Смотрю — толстый, несмотря на голод, коротыш, маленькие глазки показывают самодовольство.

— Вы все доходяги, я всех переживу.

— Ты сильно не плюйся, среди людей живешь, от беды не зарекайся.

И надо же случиться такому! Буквально через два дня стою у штапеля на третьем горизонте. Вдруг из глубины штрека крик, брань, бегут двое. Впереди явно русский — полусогнутый, сзади немец — злой, кричит. Оба черные от угольной пыли. Наш плюхается к колесам вагонетки, кумпель бьет шалей (крепежная палка) по вагонетке, орет. Надо разряжать обстановку, выручать собрата. Нарочито спокойно говорю:

— Что случилось, Юп?

— Эта собака вздумал меня обманывать! Улегся на распорку и пальцем ноги нажимает на кнопку отбойного молотка. Он стучит, а уголь не сыплется. Подкрался, вижу такое дело! Значит, я должен сам за двоих?

— Не доводи себя до кипения, Юп! Все это ерунда в этой дрянной жизни (в шахтерской лексике это звучит сочнее). Сейчас я с ним поговорю. Вылазь, не бойся. — Ба! Да это знакомый плеватель! Чтобы звучало как окрик, я повысил голос и рублеными фразами: — Чего ко мне бежал? Нужна помощь своего? То-то! Понял? Что работал пальцем — молодец! Так и дальше делай, но оглядывайся! Марш на место! — Марш — это, понятно, по-немецки, должно успокоить кумпеля. — Ну вот, Юп, все нормально. А что у тебя за приза? [1]

Неспешно сыплем нюхательный табак на тыльную сторону левой ладони, между большим и указательным пальцами, втягиваем в ноздри. Чихаем.

— Твой фирменный рецепт? Здорово продирает. Дети малые?

— Двое, восемь и десять.

— Э, брат, кормить да кормить! А ведь и вам не жирно?

— А, аллес шайзе! Кончалось бы все это.

— А за парня ты не волнуйся. Он ведь тоже домой хочет.

 

У нас в лагере было трое евреев. О двух я знал — работали в шахте. Мы их загораживали от любопытных в бане после смены. Юра Ратушин работал слесарем, смазывал механизмы, подтягивал гайки. И сыпал пыль в масленки. Внешне был смешлив, подначист и этим нравился в этой беспросветности.
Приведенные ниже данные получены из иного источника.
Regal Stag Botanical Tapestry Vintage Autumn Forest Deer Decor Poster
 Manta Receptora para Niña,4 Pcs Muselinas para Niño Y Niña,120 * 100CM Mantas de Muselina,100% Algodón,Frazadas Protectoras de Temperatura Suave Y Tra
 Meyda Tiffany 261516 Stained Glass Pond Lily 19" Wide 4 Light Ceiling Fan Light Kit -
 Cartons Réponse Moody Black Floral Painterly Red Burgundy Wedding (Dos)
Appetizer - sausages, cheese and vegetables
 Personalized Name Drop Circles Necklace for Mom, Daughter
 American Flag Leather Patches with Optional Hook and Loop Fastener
Второй — Роман Видоманец — ничего еврейского на лице. Короток и широк, молчалив. Выходец с киевского “Арсенала”. Так он сам представился. После войны не нашел его по этому адресу. Его я просил быть всегда поближе возле меня и следить за моей шапкой.

— Что бы ни случилось, ты должен спрятать мою шапку! В ней переписка с коммунистами.

Это ему поручено было владение парабеллумом, который он вместе с Михненко спрятал где-то.

А вот с третьим было посложнее.

Пришла моя очередь менять износившиеся колодки. Не стал я играть спектакль с “папой”. Сухо, официально, на немецком заявил, что нужны новые взамен износившихся. Пока старый фельдфебель менял, заметил в темноте внимательно на меня смотрящего его помощника — азербайджанца. Ночью иногда мне подсовывали пайку хлеба. Кто, за что? Делился с Васей, с Юркой. Постепенно прояснилось. Поскольку “папа” был слаб в науках, заявки на завтрашний хлеб для лагеря составлял азербайджанец. Ночью человек-другой помирали. Пайка шла по строго законспирированному каналу. Попал он к этой кормушке случайно. Работал в шахте (до нашей партии), был тщедушен, слаб. Товарищи помогали ходить на работу, там работали и за него, чтоб только не отправили в “лагерь смерти”. И тут его подобрал “папа” в помощники.

В середине апреля 1945 года освободившие всех союзники стали отправлять нас в другие лагеря по каким-то своим критериям (или просто, чтобы рвать наши связи). Ко мне подходит азербайджанец.

— Здравствуйте и до свидания, товарищ Удоденко! Я давно за вами наблюдаю и доверяюсь вам одному. Я еврей, фамилия Френкель, особист 5-й армии. Будете у наших отчитываться, засвидетельствуйте обо мне. Мой довоенный адрес — Баку, ул. Энгельса, 9. Вырос там, знаю азербайджанский. Это меня и спасло. Желаю благополучного возвращения на Родину!

Мы обнялись.

Больше ничего о нем не слышал. Но, естественно, честно написал в рапорте.

Побывал в евреях и я. Еще осенью 1942 года, в “лазарете” 345.

В нашем бараке № 8 был санитар Семен. Молодой, расторопный, приветливый, помогал страждущим охотно, чем мог. И вот очередная чистка — формируется сотня евреев для отправки куда-то. Группа построена. Конвой выставлен. Офицер пошел подписывать бумаги. Тягостная пауза. В сторонке стоят выздоравливающие. Одни сочувствуют, другие любопытствуют. Но есть и злорадствующие.